- Directed by: Ernest Pintoff
- Screenplay by: Yabo Yablonsky
- Produced by: Derek Gibson
- Starring: Christopher Lee; Donald Pleasence; Barbara Bach; Capucine; Joseph Wiseman; Woody Strode; John Huston; Joe Lewis;
- Cinematography: John Cabrera
- Edited by: Angelo Ross
- Music by: Robert O. Ragland
- Production companies: Jaguar Productions, Ltd.
- Distributed by: American International Pictures
- Release date: 31 August 1979 (Los Angeles);
- Running time: 90 minutes
- Country: United States
- Language: English

= Jaguar Lives! =

1979 film by Ernest Pintoff

Jaguar Lives! is a 1979 American action film directed by Ernest Pintoff and starring Joe Lewis, Christopher Lee, Donald Pleasence and Barbara Bach.

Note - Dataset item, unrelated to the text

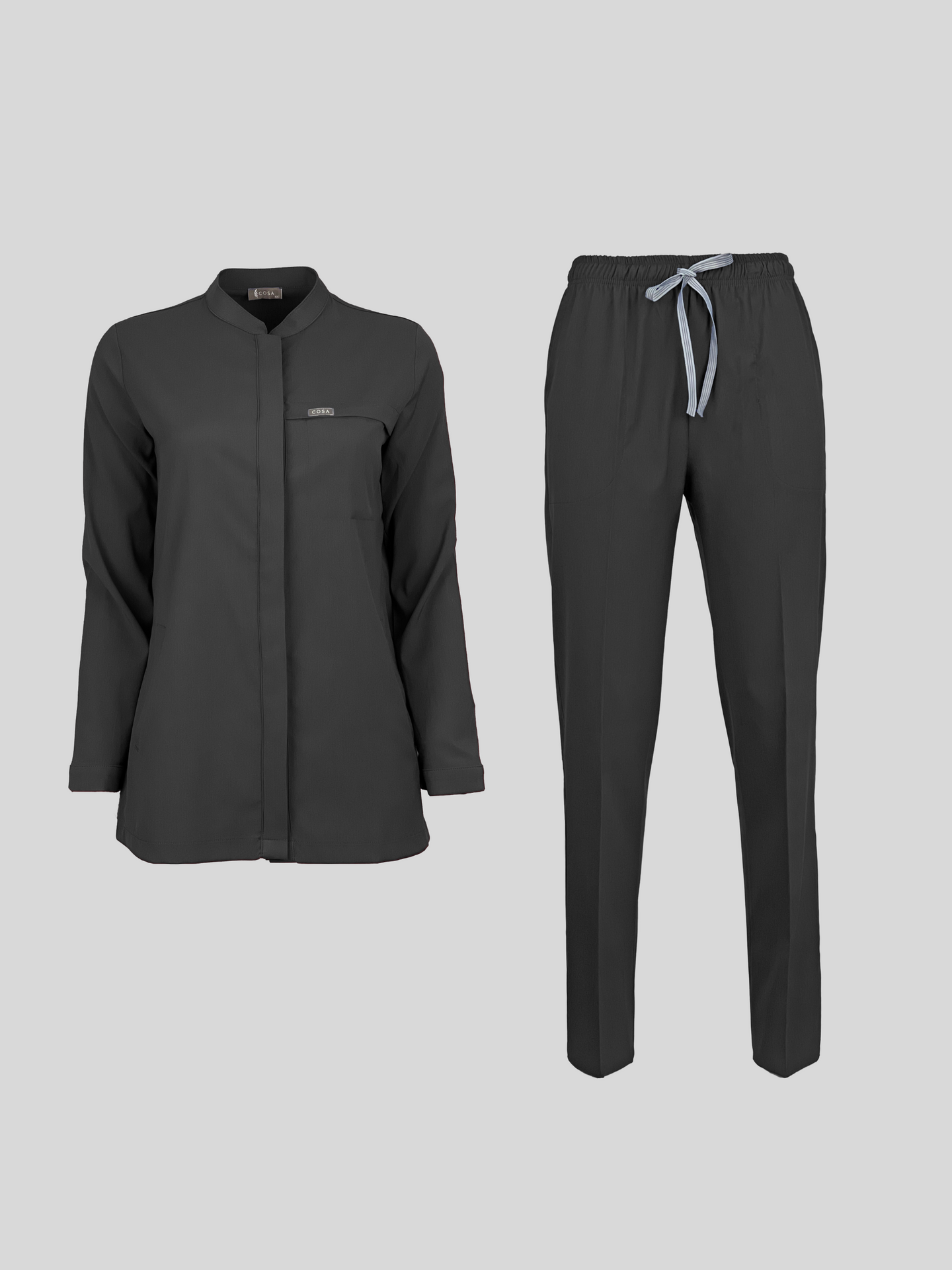 Cosa Luna Women's Scrub Set - Anthracite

Its plot follows a secret agent who battles an international drugs ring. Despite receiving top billing in the credits, stars such as Christopher Lee, Barbara Bach and Donald Pleasence barely feature in the narrative.

==Cast==
- Joe Lewis as Jonathan "Jaguar" Cross
- Christopher Lee as Adam Caine
- Donald Pleasence as General Villanova
- Barbara Bach as Anna Thompson
- Capucine as Zina Vanacore
- Joseph Wiseman as Ben Ashir
- Woody Strode as Sensei
- John Huston as Ralph Richards
- Gabriel Melgar as Ahmed
- Anthony De Longis as Bret Barrett
- Sally Faulkner as Terry
- Gail Grainger as Consuela
- Anthony Heaton as Coblintz
- Luis Prendes as Habish
- Simón Andreu as Petrie
- James Smillie as Reardon

==Production==
Jaguar Lives! was the feature film debut of karate and kickboxing champion Joe Lewis and was planned as being the first in a series of action films featuring Lewis as special agent Jonathan Cross. Filming began on June 26, 1978, in Madrid, Spain. The film was scheduled for six weeks in Spain and four weeks in other countries, including Japan, Germany, Italy, Hong Kong and Macao. The original film score was composed and conducted by Robert O. Ragland and recorded in London, England with the National Philharmonic Orchestra.

==Release==
Jaguar Lives! opened in Los Angeles on August 31, 1979.

==Reception==
From contemporary reviews, Paul Taylor of The Monthly Film Bulletin declared that the film would have been more attractive nine years ago and that "there are a few signs of Pintoff's quirky humour, but overall the film registers as a tacky chore." Taylor noted that “only Donald Pleasence rises to the bait of his over-the-top bit-part villain."